— Скажите, эта песня принадлежит именно вашей редакции? — спросил меня однажды майским вечером сорок пятого года в прокуренном баре пресс-кэмпа при армии Ходжеса низенький, пегий корреспондент «Балтимор сан».
— Нет, почему же, она общая. Ее знают и поют все наши фронтовые журналисты.
— Но так не может быть, это удивительно! У каждой редакции свои интересы. Как может Херст петь то же, что и Сульцбергер!
Сознаюсь, этот ход мыслей показался мне неожиданным и забавным.
— Пожалуй, вы правы, — заметил я и добавил: — По-своему, конечно. Но надо идти дальше. Внутри каждой редакции тоже сталкиваются разные интересы. Я представляю себе дело так, что у каждого сотрудника «Балтимор сан» должен быть, так сказать, индивидуальный гимн, своя собственная песня, которую он и распевает, упросив знакомого композитора положить ее на музыку.
Пегий мой собеседник рассмеялся и с расчетливым простодушием ответил:
— Конечно, у вас иначе. У ваших журналистов одна песня.
— Песня одна, но голоса разные. Вы это могли заметить даже сегодня, — невинно откликнулся я.
И поскольку таким образом разговор перешел на тему «свободы печати», я решил не стесняться.
— У вас там действительно разные песни. Газеты Маккормика, кажется, уже затянули пронацистские арии. Будете подтягивать или повремените?
Бородатый великан Гарри Феллоу подошел к пегому и, склонившись над ним, быстро сосчитал до десяти.
— Конец, — сказал бородатый, — тебе уже не встать. Что правда, то правда!
Да, у нас одна песня, одна судьба, одна цель. Обо всем этом думаешь сейчас, а тогда я просто послушался капитана Шапошникова, тем более что его предложение, как я твердо понял, сулило защиту от опасности, хотя, признаться откровенно, не отдавал себе полного отчета, в чем она могла состоять.

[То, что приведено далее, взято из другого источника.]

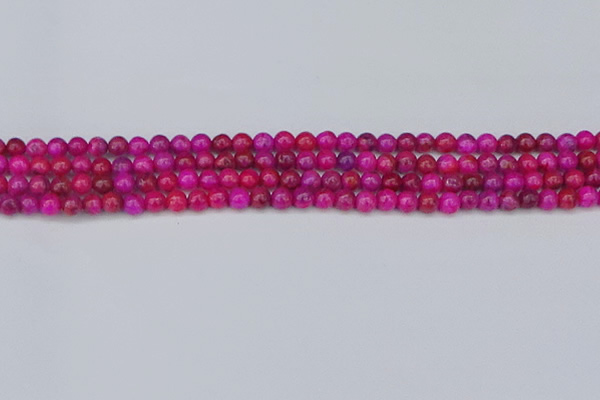 CAG9924 15.5 inches 4mm round fuchsia crazy lace agate beads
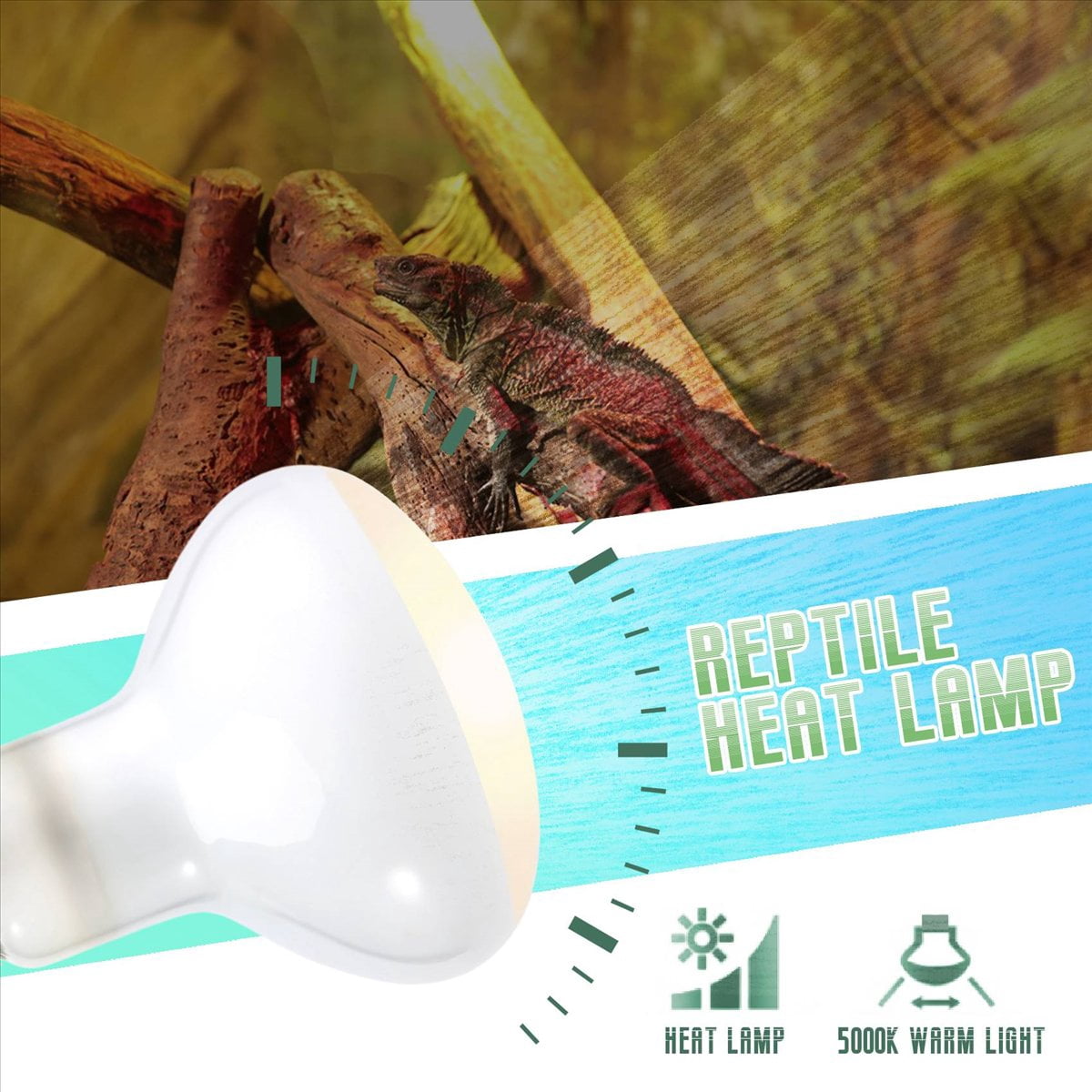 2 Pack Reptile Uvb Uva Heat Lamp Bulb For Reptiles Truly Sun-Like Bright Reptiles, Amphibian And Birds (100 W)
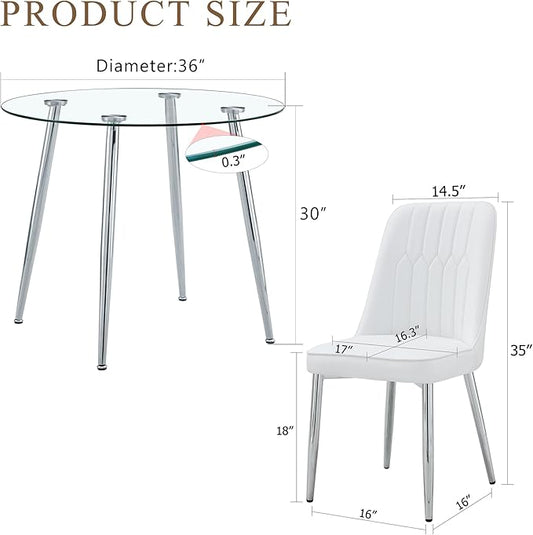Glass Dining Table and Chair Set with 2 White PU Cushion Chairs, 36 Inch Diameter Round Table with Silver Metal Legs, Industrial Minimalist Style for Dining Room and Kitchen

Я кивнул капитану в знак согласия, хотел его порасспросить, но он торопливо зашагал дальше по узкой траншее.
Когда мы говорим о военных литераторах и журналистах как о летописцах Победы, то имеем в виду, разумеется, целый комплекс понятий, а не только те оперативные корреспонденции, какие они посылали в свои газеты с боевых участков фронта.
Мы говорим и о внимательном изучении оперативно-тактического фона событий, изучении впрок, поскольку в то военное время собственный самоконтроль и военная цензура, естественно, ограничивали возможность таких публикаций. Мы говорим об изучении воинской психологии, изучении бесценного, особенно для тех, кто впоследствии стал писать о войне в объемных формах — романы, повести, рассказы.
Я и сам выпустил в свет после войны несколько книг: «Подмосковный караул» — повесть-хронику, где основу сюжета представляет собой литературное первооткрытие подвига двадцати восьми героев-панфиловцев, выпавшее на мою долю; повесть «Тень друга, или Ночные чтения сорок первого года» — попытка автора заглянуть в историю русской армии из времен Отечественной войны; «Мужские беседы» — повесть о верности военной присяге, о верности и взаимовыручке в бою, а в еще более широком смысле — о верности военным союзам, таким, как Варшавский Договор. Всю жизнь я пишу на военные темы, а в последние годы стал и литератором-международником. Война и мир противоположны друг другу во всем. Но советские писатели, особенно те, кто пишет о международных отношениях и ведет борьбу с нашим идеологическим противником, по существу, отстаивают дело мира, обороняют плоды нашей Великой Победы.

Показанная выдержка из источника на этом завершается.